WHAT IS BEING ASKED.
What are the lines, word for word, from the line with "夜晚的香港，亚洲照片摄影图片" up to and including the line with "Waffle Rush Menu" in the records below? Omit the pictures.

RECORDS FOR THE EXERCISE.
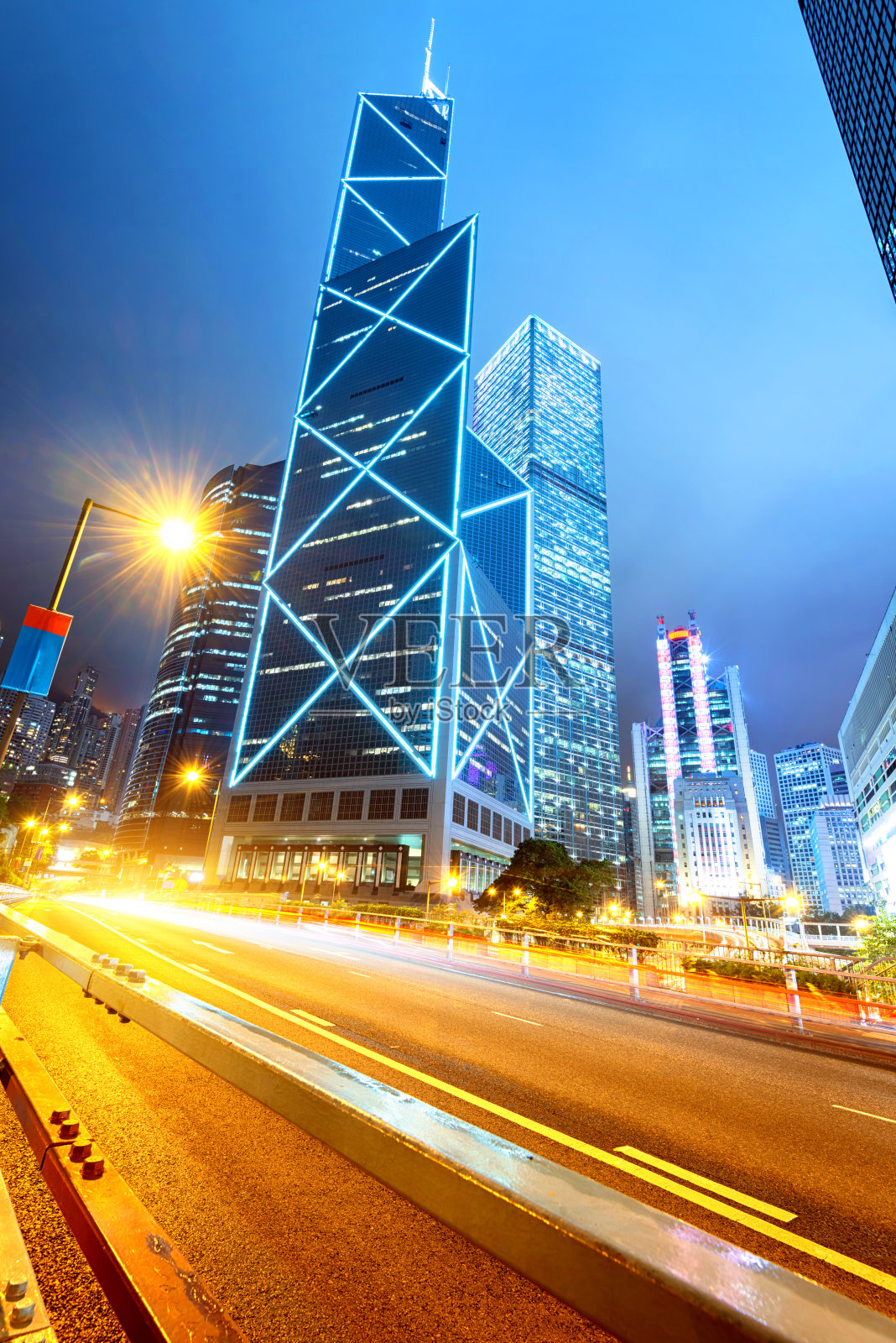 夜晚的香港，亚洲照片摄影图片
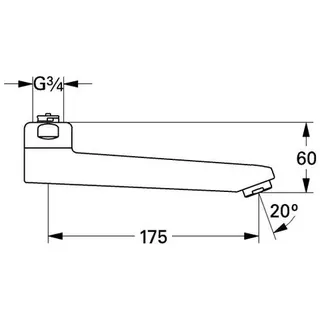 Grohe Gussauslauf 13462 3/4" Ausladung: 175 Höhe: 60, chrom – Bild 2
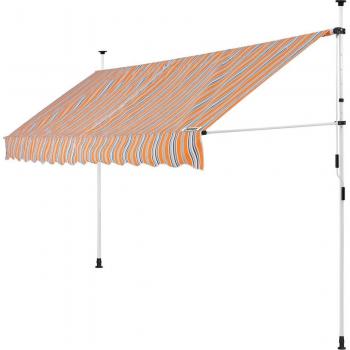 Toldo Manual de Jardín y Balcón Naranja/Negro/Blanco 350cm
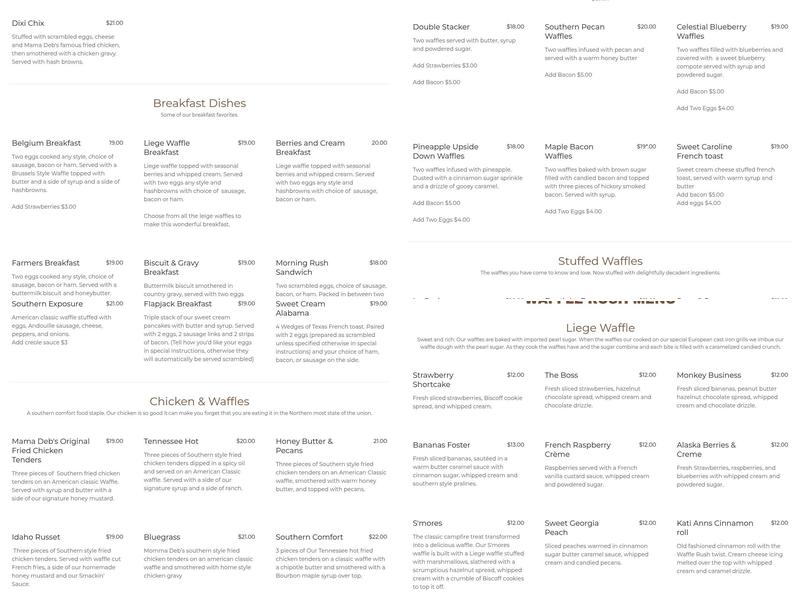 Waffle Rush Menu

==

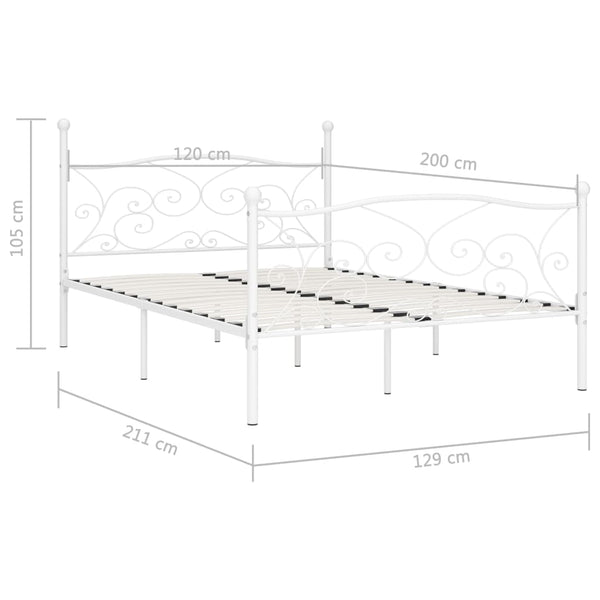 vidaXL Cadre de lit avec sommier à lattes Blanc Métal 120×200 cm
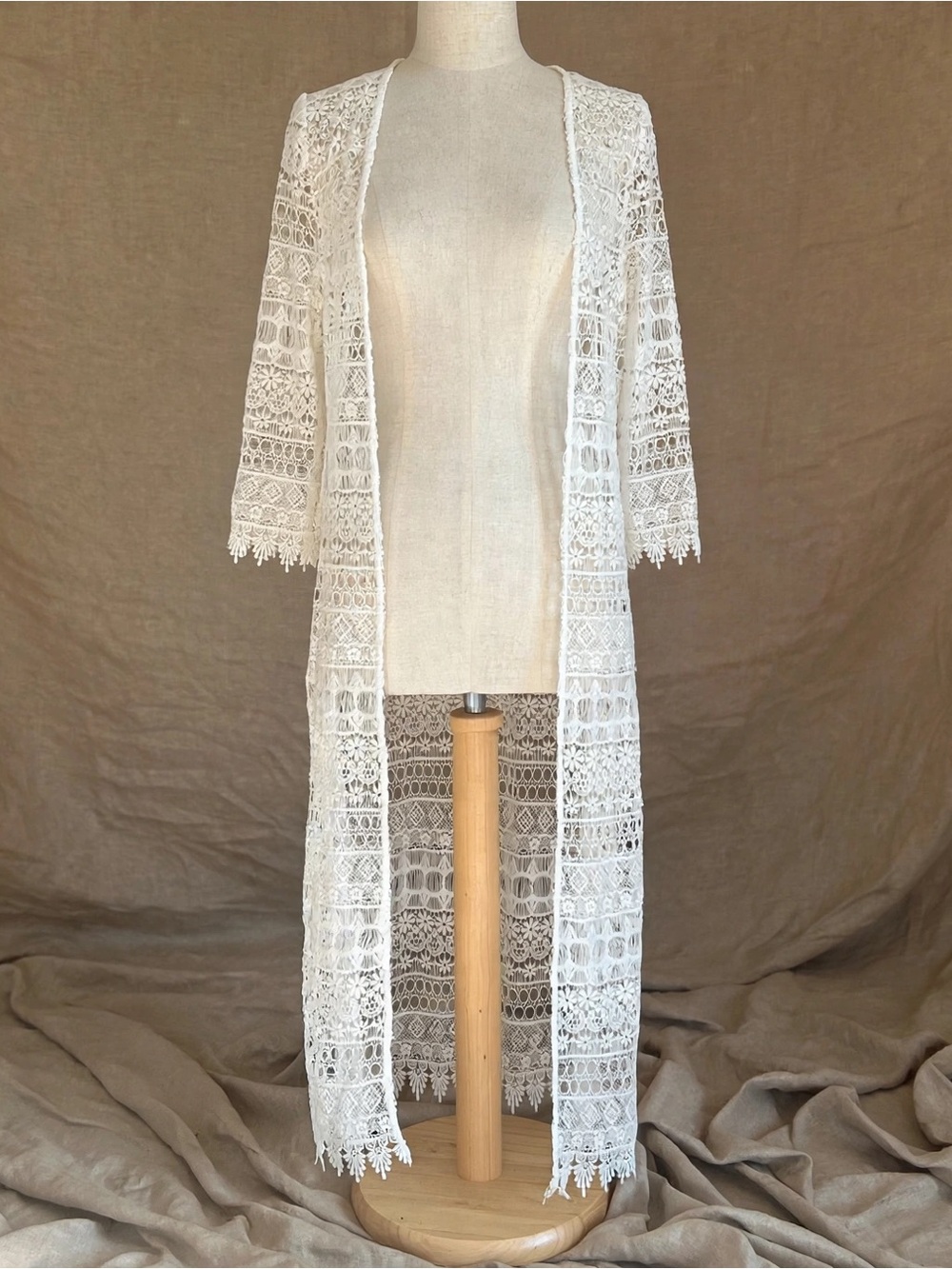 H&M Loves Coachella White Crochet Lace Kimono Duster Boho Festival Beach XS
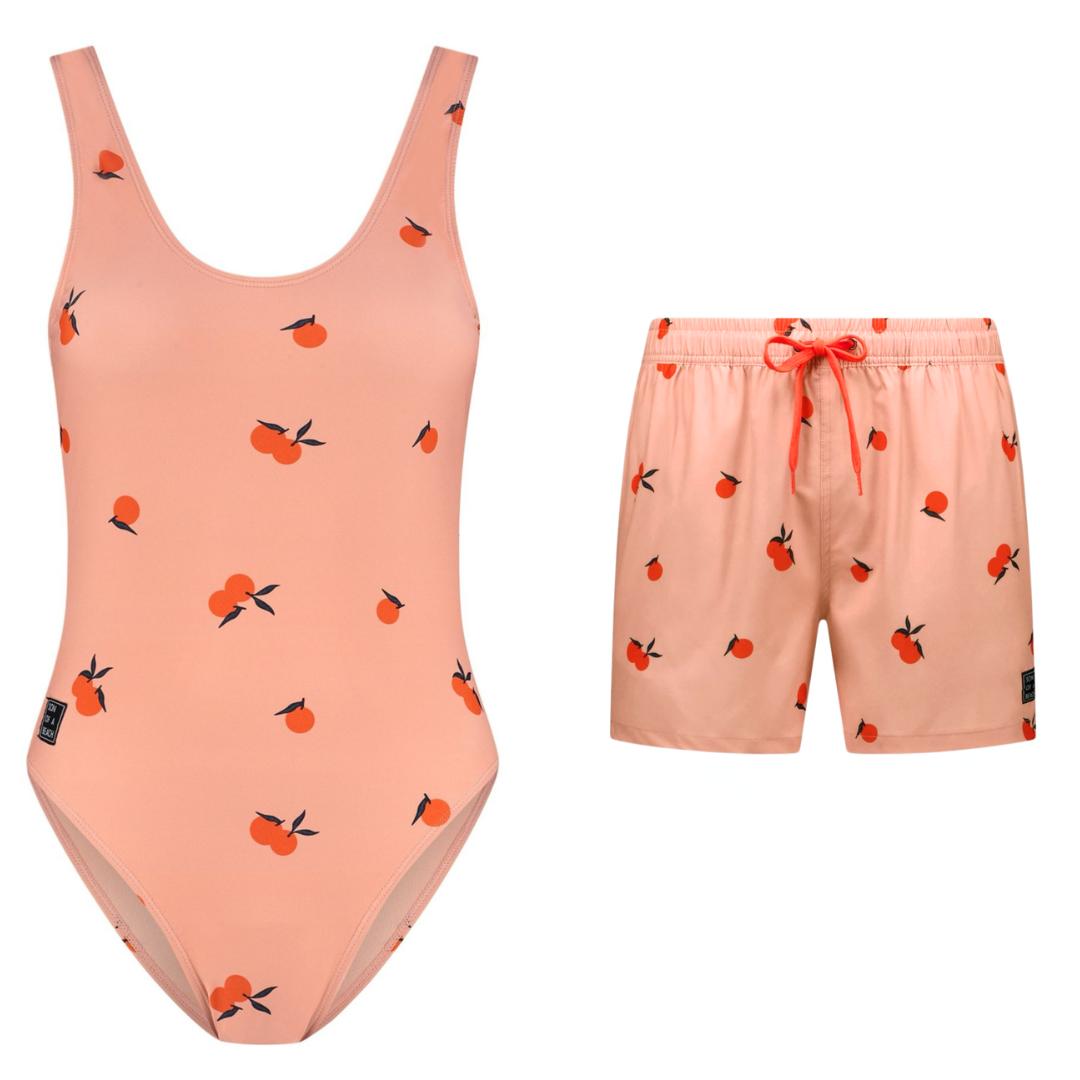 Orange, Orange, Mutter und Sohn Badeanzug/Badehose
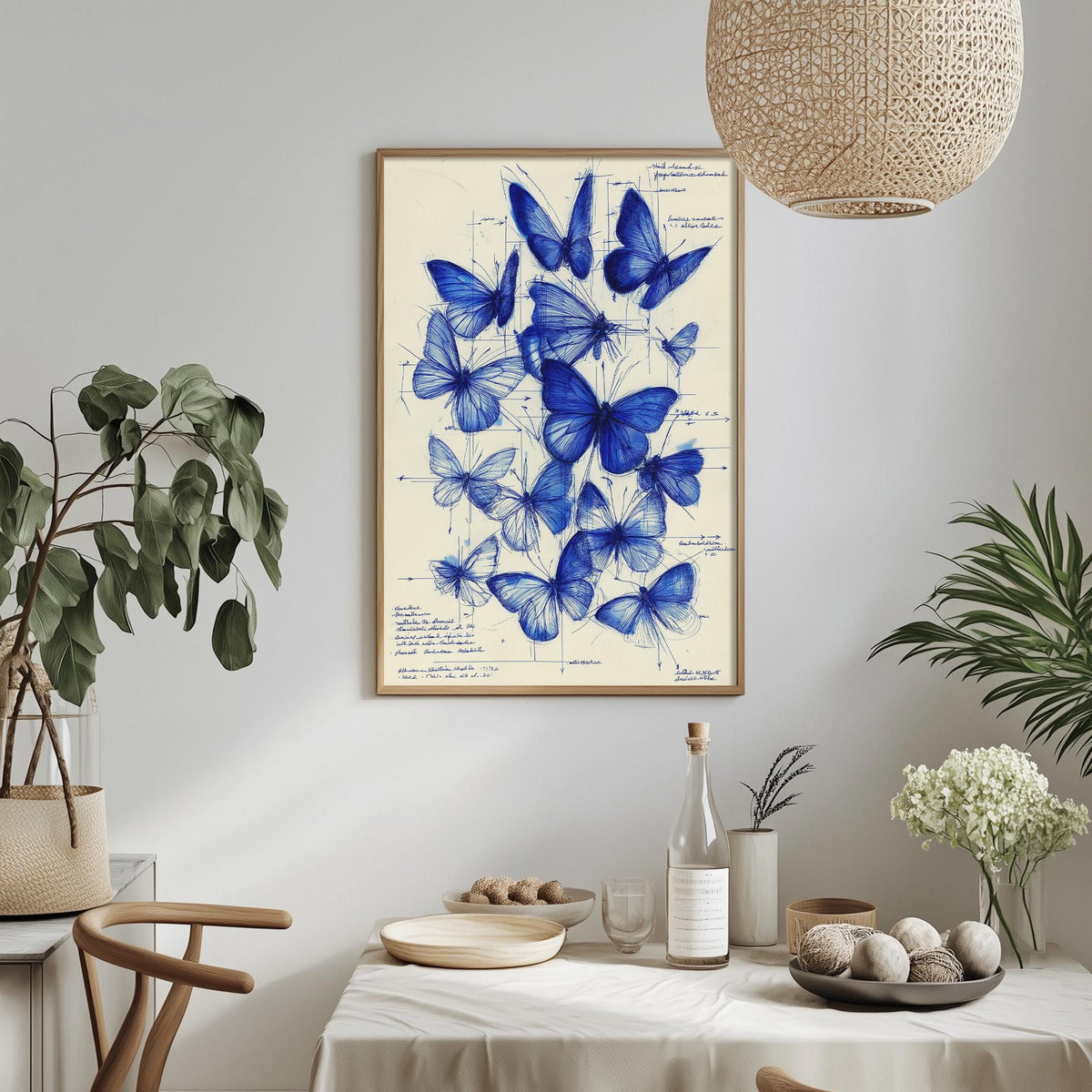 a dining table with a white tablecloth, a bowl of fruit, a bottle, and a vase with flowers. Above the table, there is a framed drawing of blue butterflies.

---

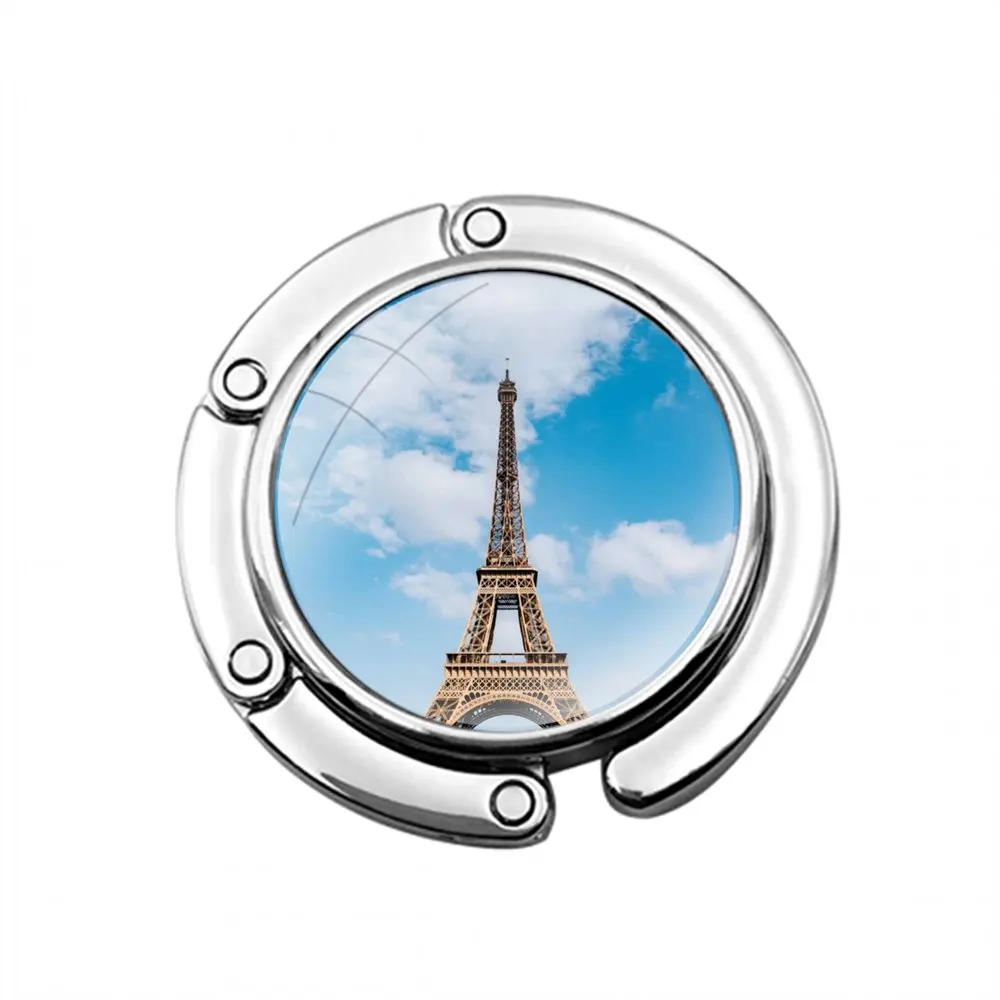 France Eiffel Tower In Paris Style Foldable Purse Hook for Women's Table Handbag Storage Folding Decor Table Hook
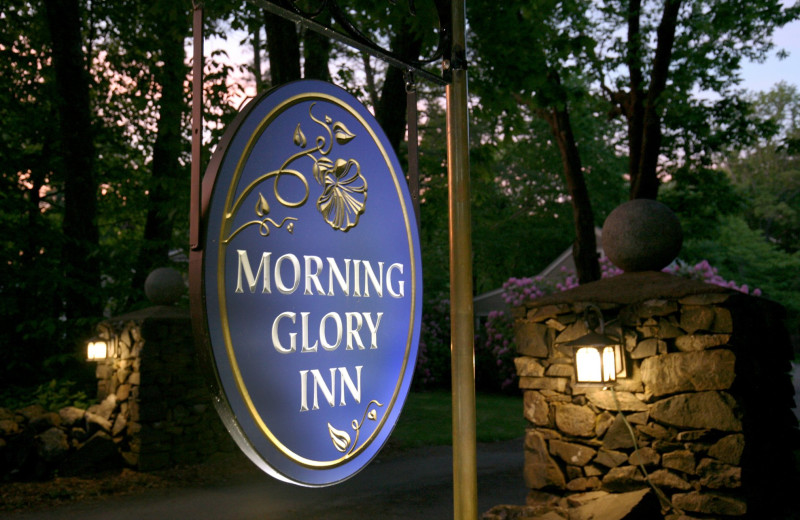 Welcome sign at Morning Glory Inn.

SOLUTION.
 夜晚的香港，亚洲照片摄影图片
 Grohe Gussauslauf 13462 3/4" Ausladung: 175 Höhe: 60, chrom – Bild 2
 Toldo Manual de Jardín y Balcón Naranja/Negro/Blanco 350cm
 Waffle Rush Menu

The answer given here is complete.